### WORK ITEM
Starting at the line that holds "Платье Круэллы из этих живых блестяшек.", reproduce each line exactly up to and including the last line of the records below. Pictures stay out.

[THE DATA — start]

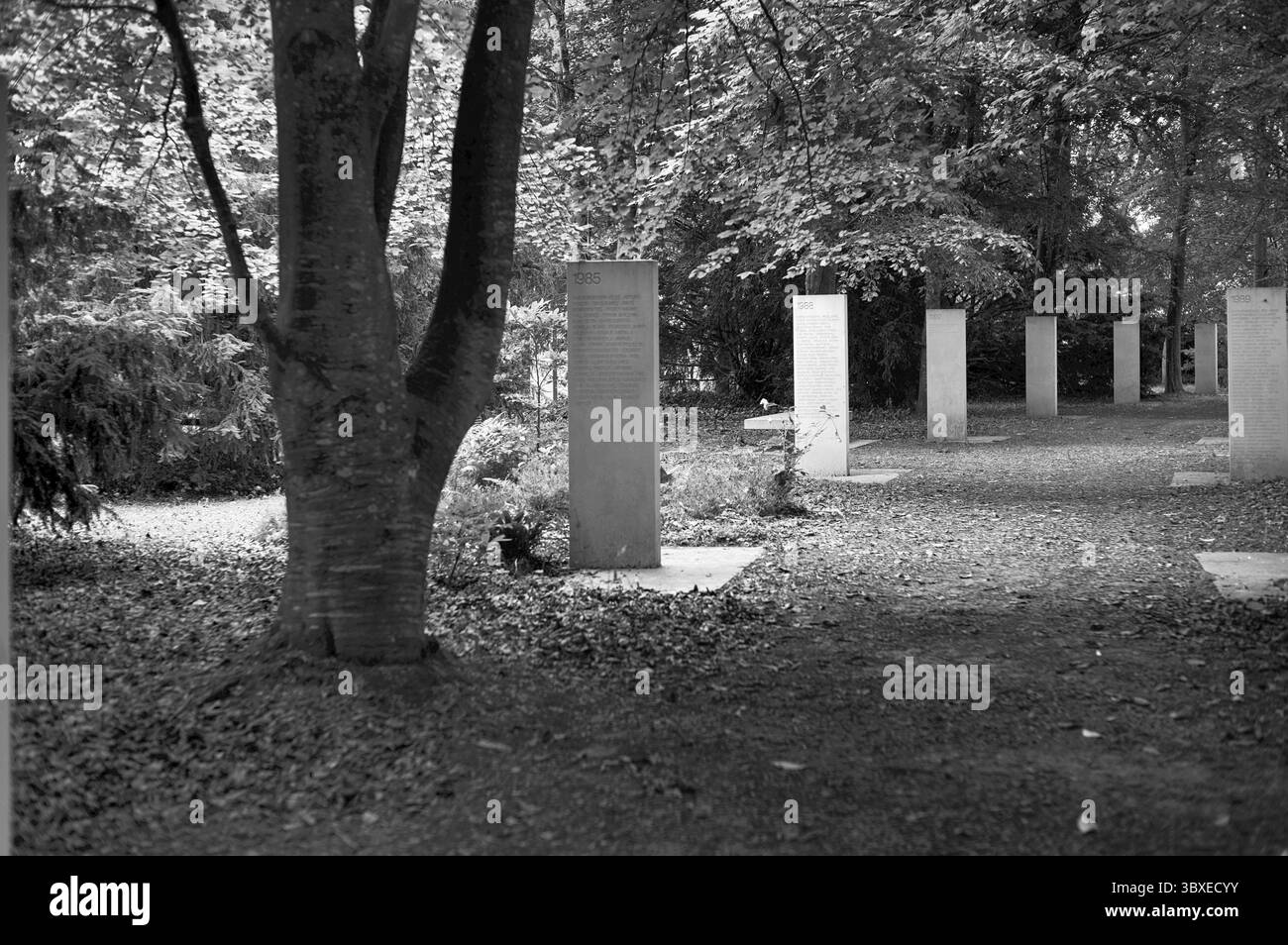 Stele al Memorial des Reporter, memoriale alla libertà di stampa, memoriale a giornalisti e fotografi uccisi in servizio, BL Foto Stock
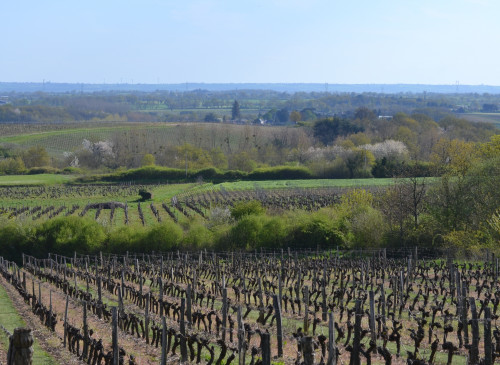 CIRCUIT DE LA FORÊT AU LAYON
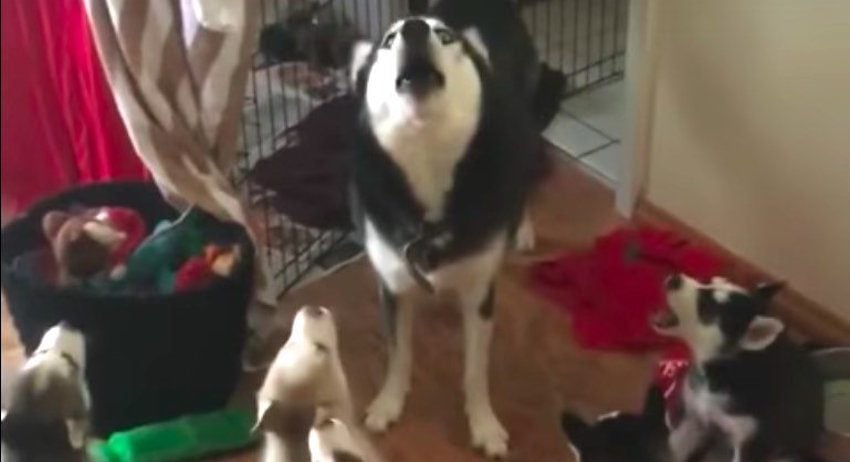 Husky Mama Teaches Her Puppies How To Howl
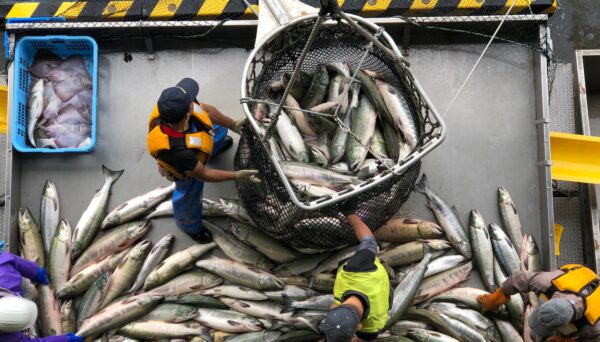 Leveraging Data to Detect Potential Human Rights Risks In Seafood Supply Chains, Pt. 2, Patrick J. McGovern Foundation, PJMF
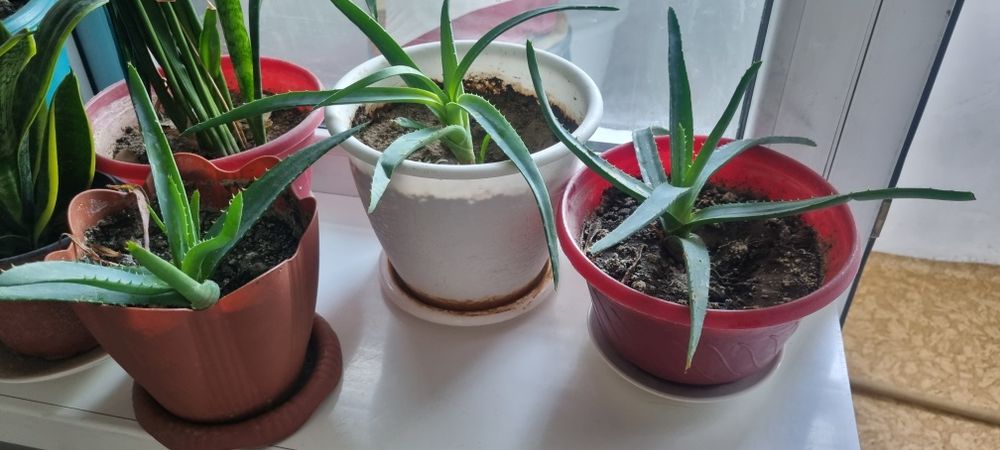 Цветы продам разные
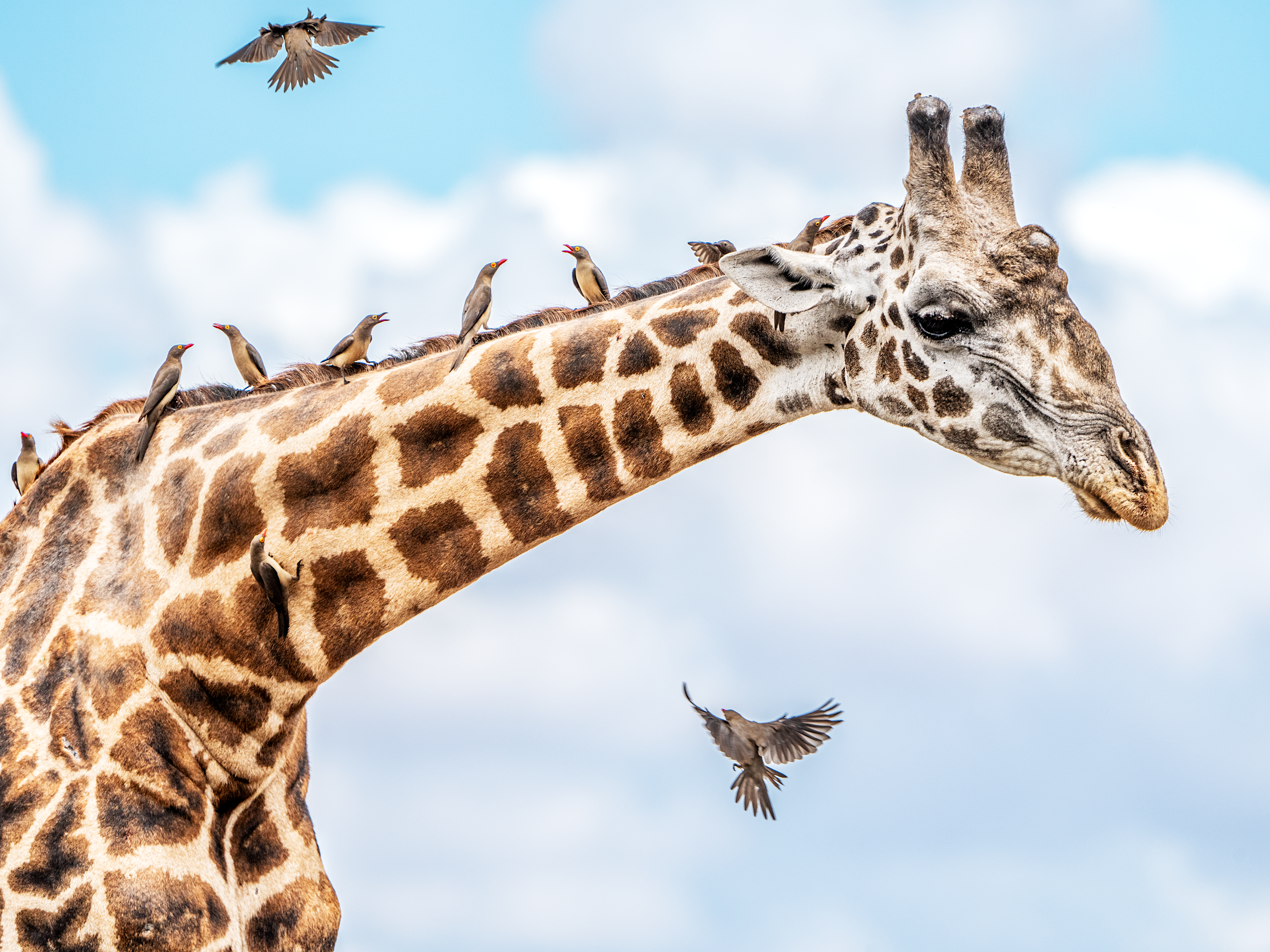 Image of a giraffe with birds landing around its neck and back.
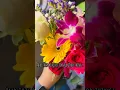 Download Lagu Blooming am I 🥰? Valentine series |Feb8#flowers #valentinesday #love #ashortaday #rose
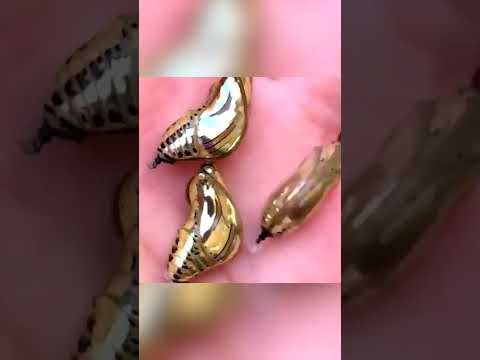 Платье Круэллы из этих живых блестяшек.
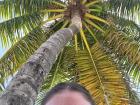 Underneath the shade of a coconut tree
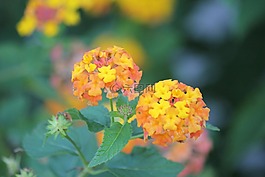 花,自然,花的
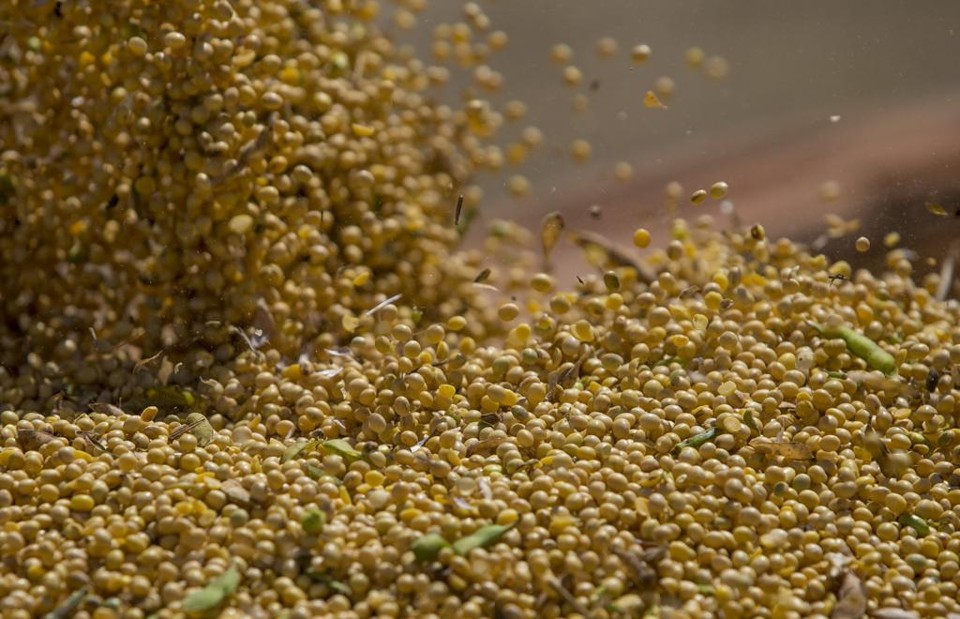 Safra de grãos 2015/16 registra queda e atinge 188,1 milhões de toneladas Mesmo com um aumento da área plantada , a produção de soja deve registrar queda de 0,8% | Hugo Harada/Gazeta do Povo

[THE DATA — finish]

### ANSWER TO THIS TASK
 Платье Круэллы из этих живых блестяшек.
 Underneath the shade of a coconut tree
 花,自然,花的
 Safra de grãos 2015/16 registra queda e atinge 188,1 milhões de toneladas Mesmo com um aumento da área plantada , a produção de soja deve registrar queda de 0,8% | Hugo Harada/Gazeta do Povo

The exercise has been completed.